Maintenant, revenons un peu à mes livres. Depuis Lisbonne, dernière marge, les personnages qui sont mis en scène, les narrateurs qui prennent la parole, sont très souvent des nostalgiques de la révolution mondiale. Ils sont pourchassés par la police ou déjà en prison, et souvent aussi ils sont déjà morts. Jamais ils ne se trouvent en position de victoire. Même quand ils rêvent, seule la défaite leur est accessible. Le terme de « terroriste » leur est appliqué par la police, eux ne s’en revendiquent pas : ils ont fait la révolution, participé à des opérations de guérilla, ils ne renient rien, ils ont tout perdu. Ingrid Vogel, l’héroïne de Lisbonne, dernière marge, est la première voix très claire dans ce chœur bizarre et désolé. Elle fuit l’Allemagne où son organisation a été démantelée, elle est terrorisée, elle est folle, elle est écrivain. Les textes qu’elle imagine reflètent son expérience, une expérience cryptée savamment, mais aussi déformée par le délire et par la peur. Elle s’adresse à des « sympathisants », au-delà de ceux qui pourraient tenter de décrypter le texte. Je me suis trouvé, comme toujours pour mes personnages, en totale symbiose littéraire avec Ingrid Vogel. Nous n’étions pas séparés par un millimètre. Qu’on en déduise ce qu’on veut sur mon approche du « terrorisme ». En tout cas, je serais incapable de me glisser littérairement dans la peau d’un type qui pilote un avion tueur, que cet avion ait pour objectif Nagasaki ou le World Trade Center. De telles abjections n’appartiennent pas à ma culture.

Venons-en à votre arrivée à Minuit, maison emblématique du Nouveau roman et, globalement, de cet « après » que l’on n’a jamais pu définir qu’approximativement par le minimalisme ou par la parodie, avec des expériences aussi différentes qu’Echenoz ou Toussaint. La critique a vu en vous, avec la parution de Lisbonne, dernière marge, essentiellement une expérience textuelle, une déconstruction du roman classique dans la suite, disons, de Robbe-Grillet, tandis qu’on pouvait penser aussi à Beckett face aux derniers hommes de votre univers apocalyptique. Quel est votre sentiment devant ces filiations ? L’esthétique du Nouveau roman a-t-elle joué un rôle dans votre « art de raconter » ?

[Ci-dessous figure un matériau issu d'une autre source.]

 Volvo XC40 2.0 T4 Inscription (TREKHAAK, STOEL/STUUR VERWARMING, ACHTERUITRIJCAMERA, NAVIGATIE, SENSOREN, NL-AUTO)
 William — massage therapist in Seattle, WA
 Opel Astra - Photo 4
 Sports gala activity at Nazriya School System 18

Lorsque Lisbonne, dernière marge a été accepté par Jérôme Lindon, je n’avais aucune notion de littérature française contemporaine. Vous citez les deux seuls noms d’écrivains français contemporains que j’avais lus, Robbe-Grillet vingt ans plus tôt, Beckett dix ans plus tôt. Je ne les ai étudiés ni l’un ni l’autre dans un cadre universitaire, pas plus que je n’ai réfléchi à leur apport dans mon imaginaire et dans les techniques de mon écriture. Mais ils ont dû avoir une influence sur tout cela. Au cours de l’année 1990, j’ai découvert avec bonheur les auteurs du catalogue Minuit, les grands anciens comme Claude Simon et les auteurs de la nouvelle génération, Echenoz, Toussaint, Chevillard, Redonnet et beaucoup d’autres. Si on regarde mon parcours intellectuel et mes connaissances de l’époque, on ne peut que s’étonner de me voir intégrer une culture Minuit que j’avais presque totalement ignorée, jusque-là.

Il y a néanmoins des convergences. Éclatement du personnage romanesque et surtout de l’instance narratrice devenue totalement opaque, dissolution de l’apparente objectivité du réel dans une conscience qui le juxtapose à l’imaginaire, au rêve et aux mythes.

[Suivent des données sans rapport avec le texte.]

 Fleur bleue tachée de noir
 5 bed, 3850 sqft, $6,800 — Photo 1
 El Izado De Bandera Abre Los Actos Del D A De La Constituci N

Tout cela existe dans un grand nombre de cultures primitives. Tout cela se pratique couramment chez les chamanes, ce sont des principes intellectuels de base, et pas seulement chez certains marginaux des éditions de Minuit.

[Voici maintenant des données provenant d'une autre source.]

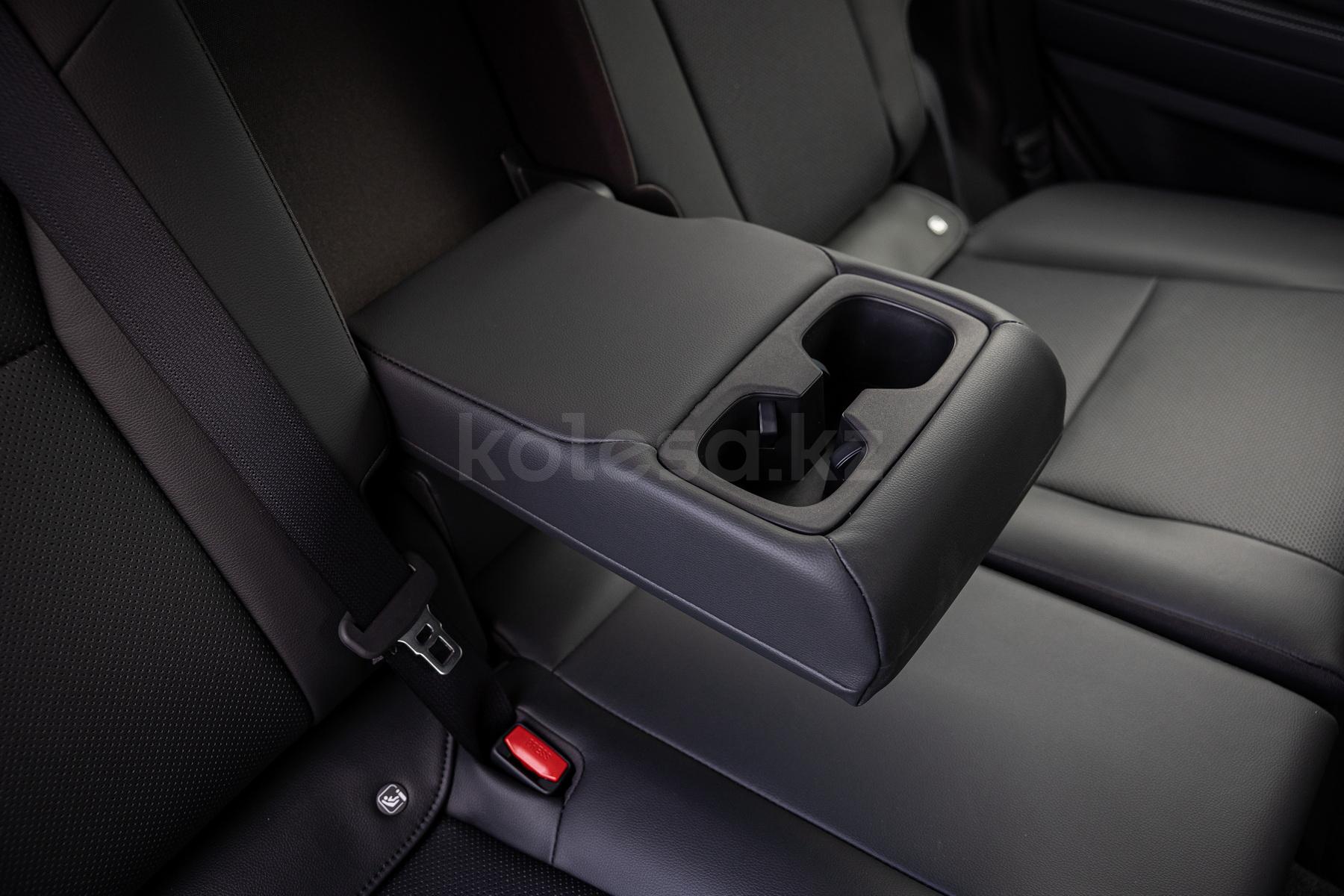 Toyota Land Cruiser Prado J250 SUV 2024 года от 26 150 000 тенге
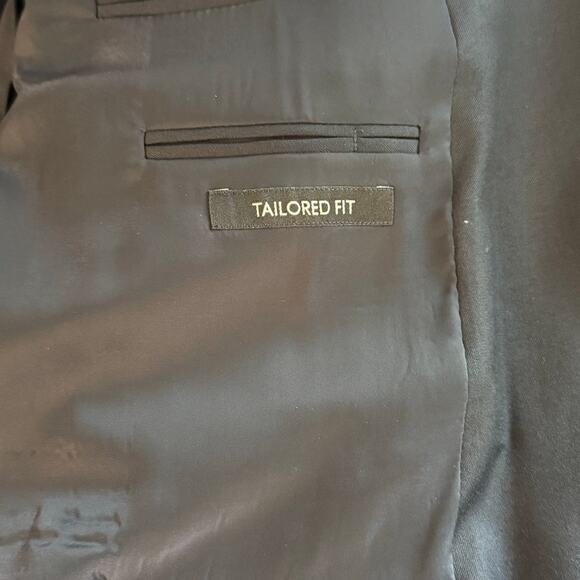 Jos. A. Bank Traveler’s Collection 48R Gray Wool 2-Button Blazer Jacket - Picture 10 of 10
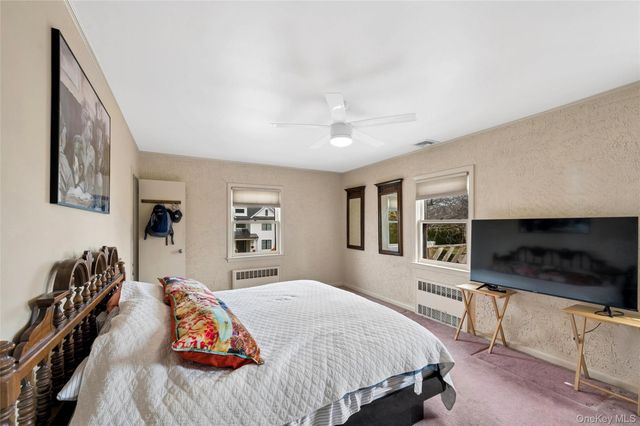 24 Allen Road, Rockville Centre, NY 11570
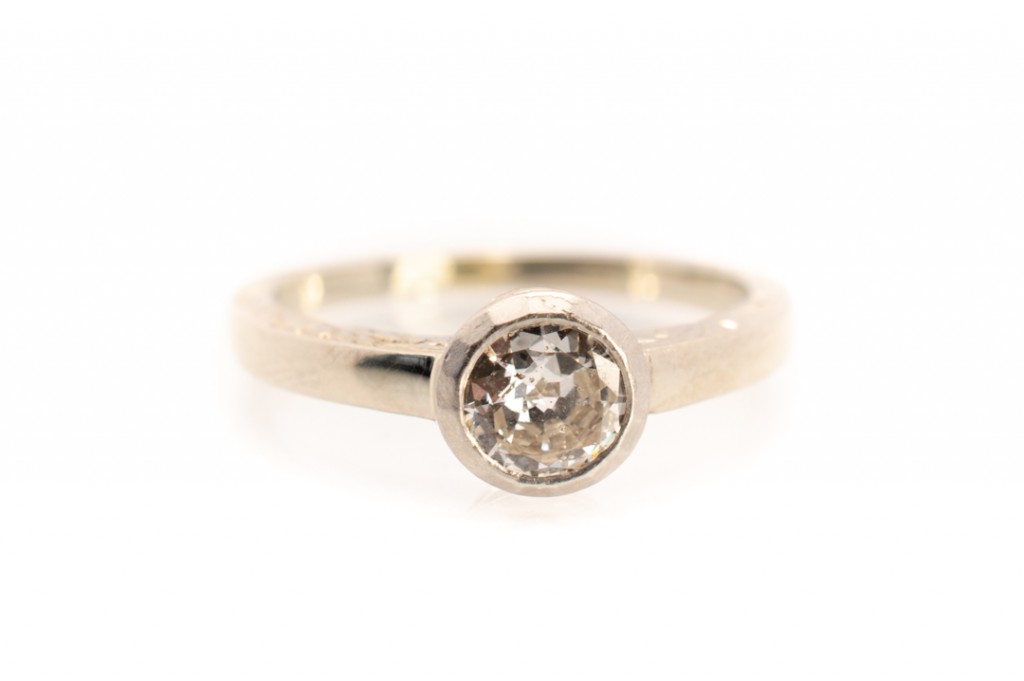 Art deco prsten z bílého zlata s diamantem - solitér, 1. republika, vel. 52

Quelles expériences littéraires ont été pour vous les plus importantes, Kafka, Borges ? On a souvent l’impression que les références qu’on convoque à votre propos ne sont jamais les plus pertinentes. En tout cas, les hétéronymes dans le roman d’Ingrid Vogel et la présence de Lisbonne nous amènent à penser à Pessoa.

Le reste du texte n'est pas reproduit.